Captioned web images:
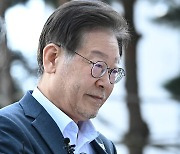 '대북 송금 의혹' 관련 검찰 출석하는 이재명 더불어민주당 대표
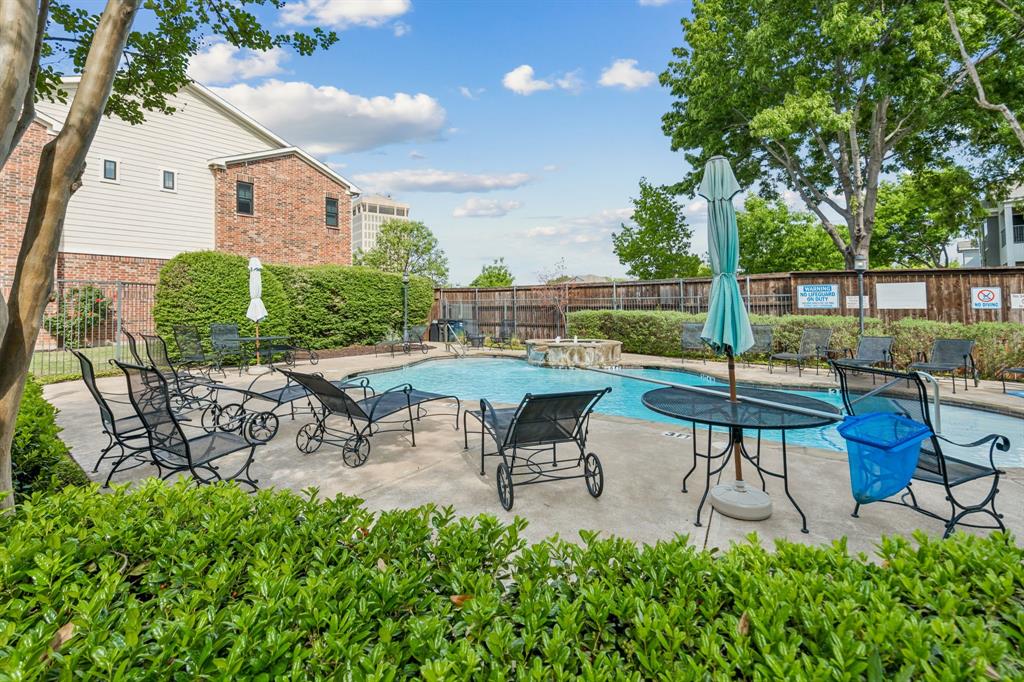 Ridglea Place - Residential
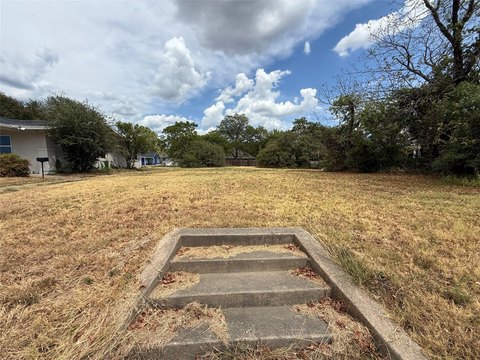 Level Commercial Land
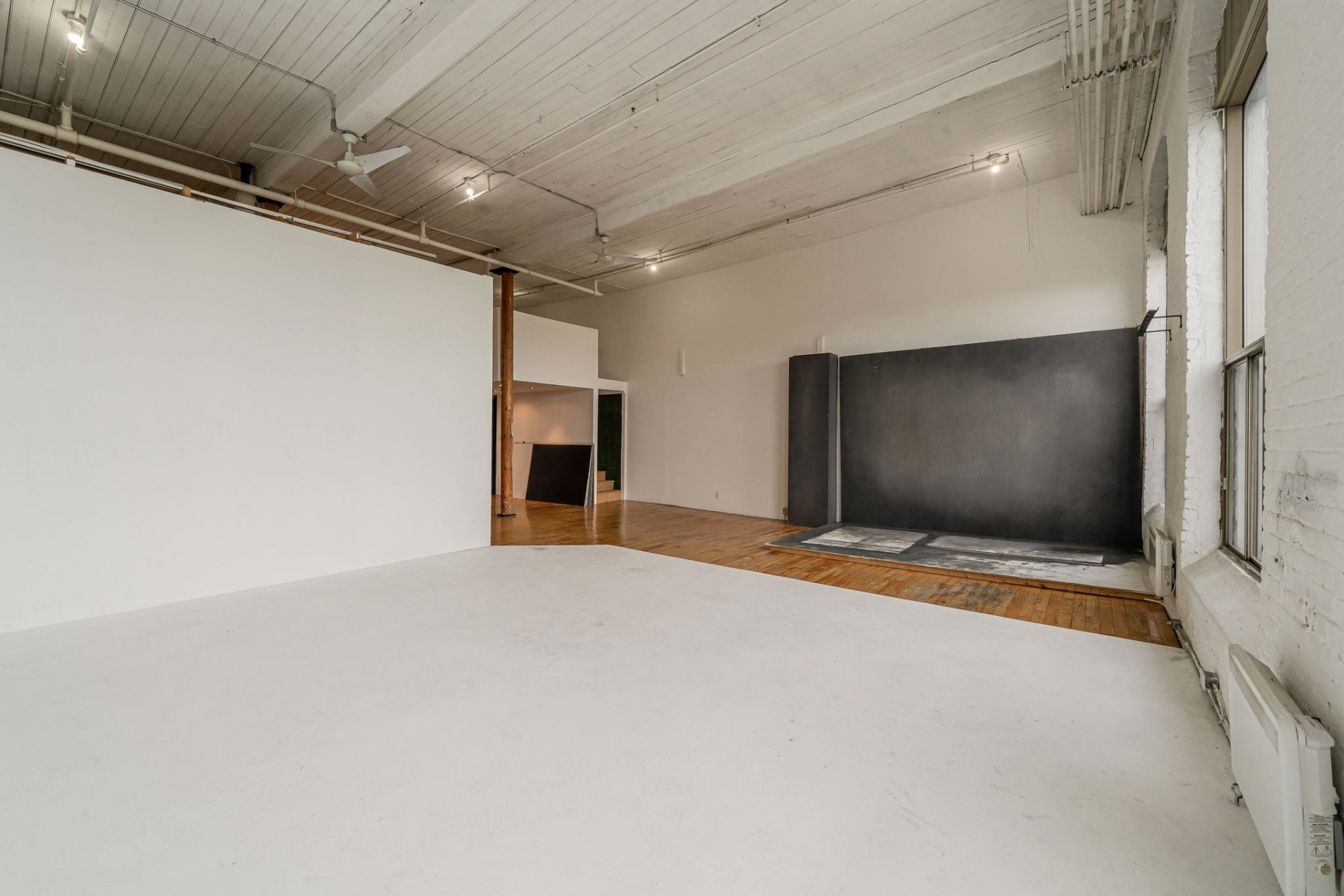 Photo - Interior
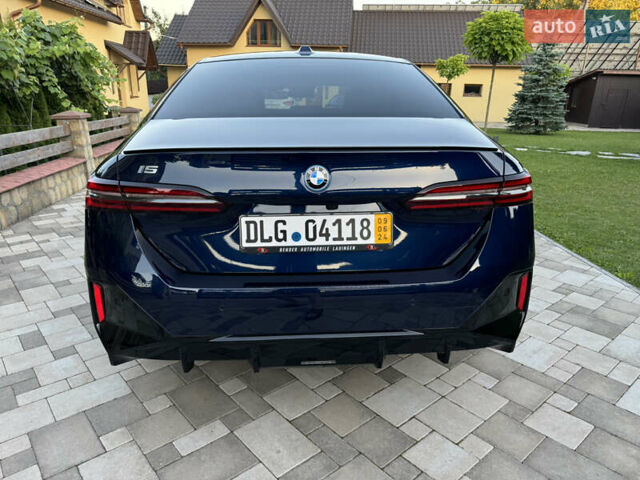 Синій БМВ i5, об'ємом двигуна 0 л та пробігом 15 тис. км за 72000 $, фото 6 на Automoto.ua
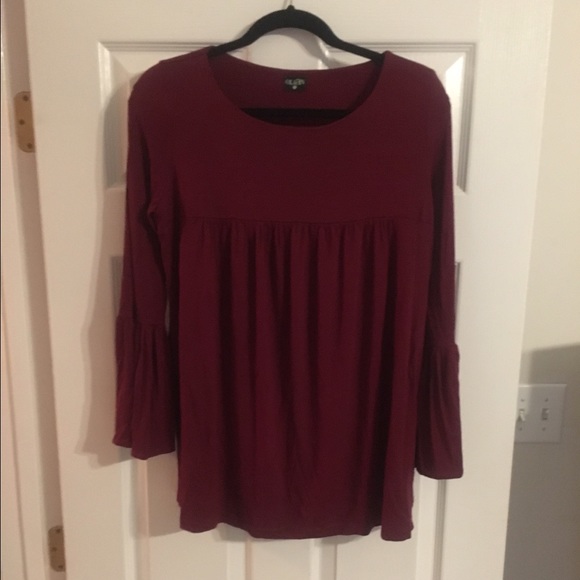 Maternity blouse by Olian size M in EUC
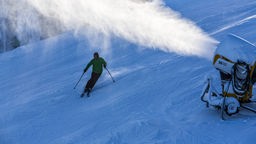 Winterberg im Sauerland: Ein Skifahrer passiert während der Abfahrt eine Schneekanone. 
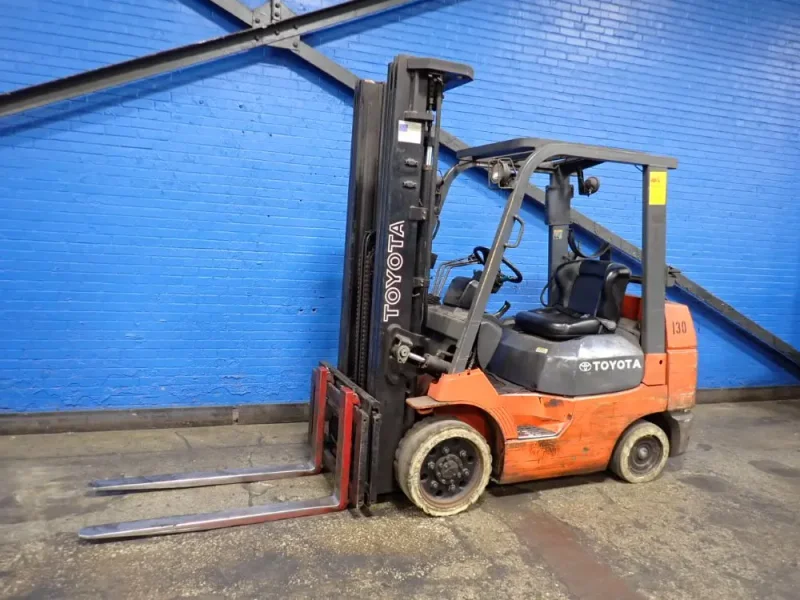 TOYOTA 5600 LBS PROPANE FORKLIFT  -  7FGCU30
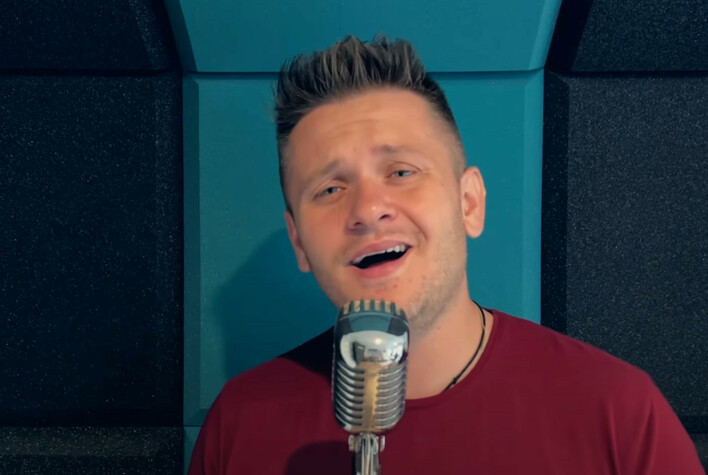 Arek Kopaczewski zaskakuje nowym coverem „Bez Ciebie żyć nie umiem„ – Czy to najlepsza wersja tej ballady?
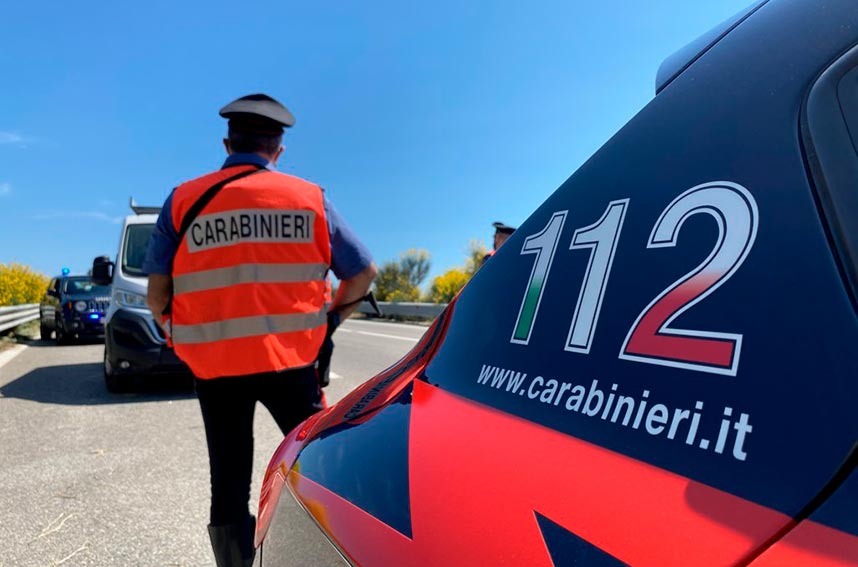 Carabinieri posto di blocco 1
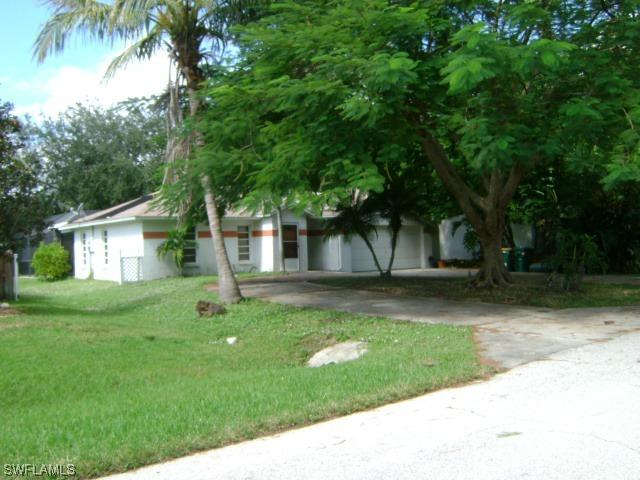 854 Hidden Terrace Rd., Naples, FL 34104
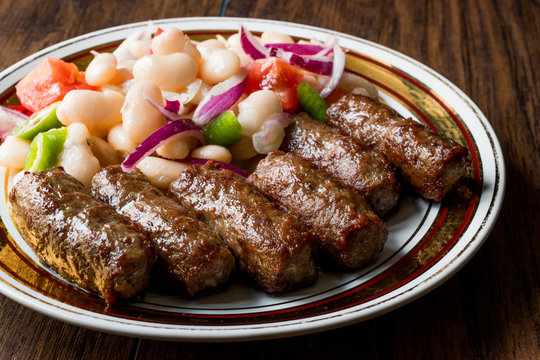 Turkish Tekirdag or ineg&ouml;l Kofte with Piyaz Salad / Kofta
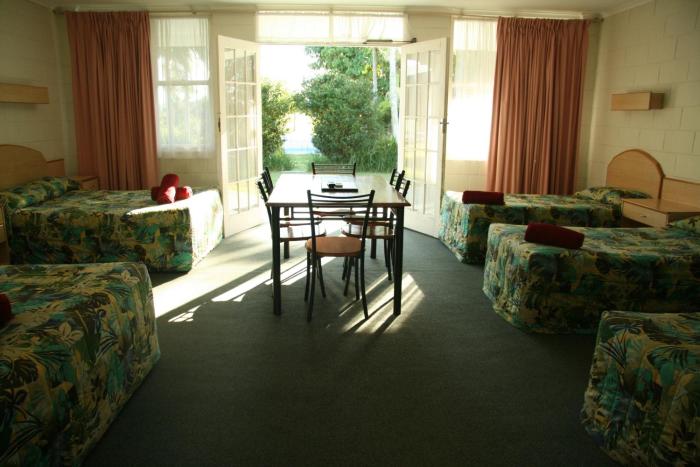 colonial court motor inn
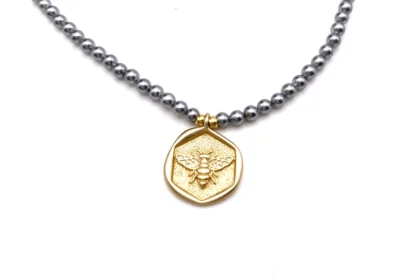 Collier perles grises et médaille abeille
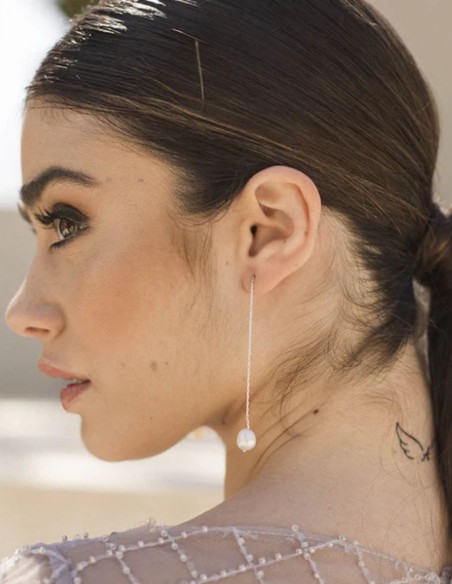 Longues boucles d'oreilles avec chaîne fine et perle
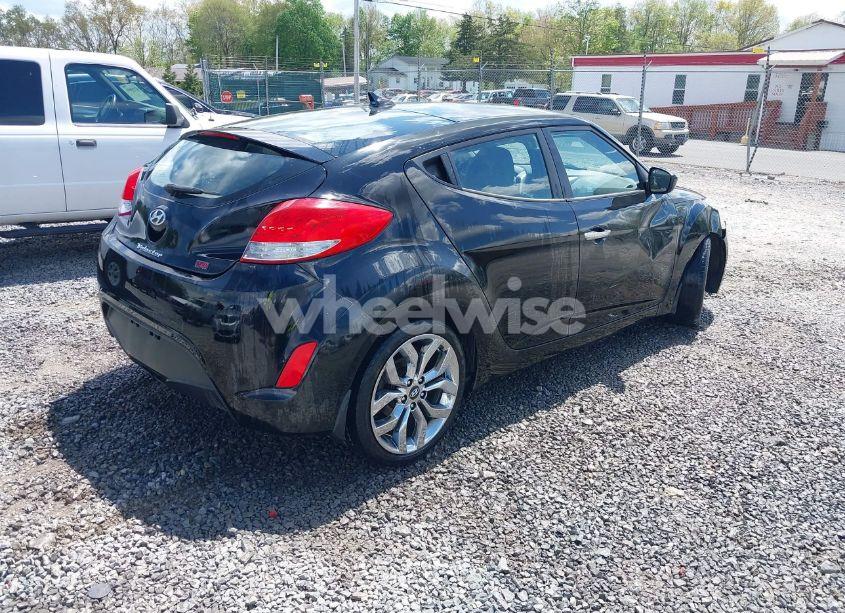 Photo 4 of 2014 Hyundai Veloster (VIN KMHTC6AD2EU212693)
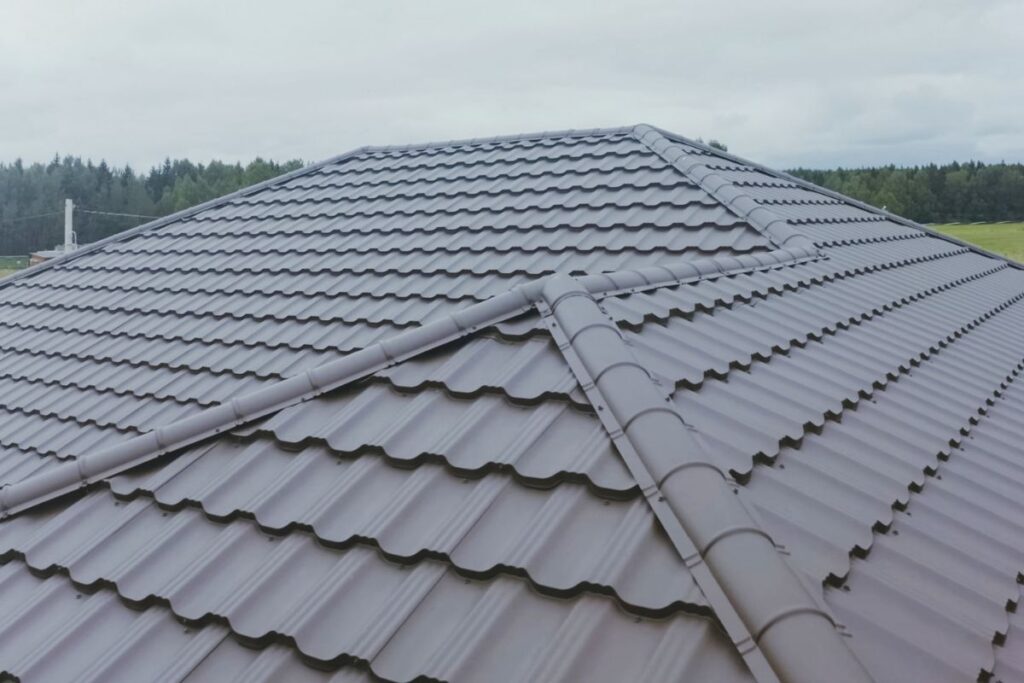 Metal Roof Vs Asphalt Shingles Corrugated metal roof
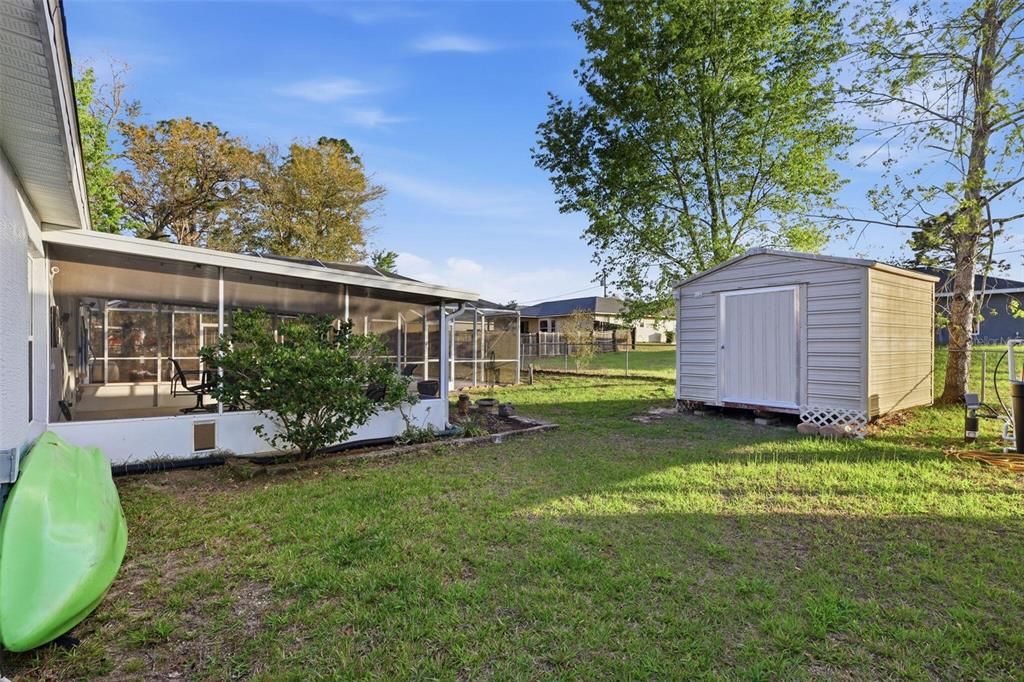 Activo con contrato: $319,997 (3 camas, 2 baños, 1984 Pies cuadrados)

Assigned task:
Copy exactly the lines from the one containing "Ridglea Place - Residential" to the end of the records, both included, and leave the pictures out.

Response:
 Ridglea Place - Residential
 Level Commercial Land
 Photo - Interior
 Синій БМВ i5, об'ємом двигуна 0 л та пробігом 15 тис. км за 72000 $, фото 6 на Automoto.ua
 Maternity blouse by Olian size M in EUC
 Winterberg im Sauerland: Ein Skifahrer passiert während der Abfahrt eine Schneekanone. 
 TOYOTA 5600 LBS PROPANE FORKLIFT  -  7FGCU30
 Arek Kopaczewski zaskakuje nowym coverem „Bez Ciebie żyć nie umiem„ – Czy to najlepsza wersja tej ballady?
 Carabinieri posto di blocco 1
 854 Hidden Terrace Rd., Naples, FL 34104
 Turkish Tekirdag or ineg&ouml;l Kofte with Piyaz Salad / Kofta
 colonial court motor inn
 Collier perles grises et médaille abeille
 Longues boucles d'oreilles avec chaîne fine et perle
 Photo 4 of 2014 Hyundai Veloster (VIN KMHTC6AD2EU212693)
 Metal Roof Vs Asphalt Shingles Corrugated metal roof
 Activo con contrato: $319,997 (3 camas, 2 baños, 1984 Pies cuadrados)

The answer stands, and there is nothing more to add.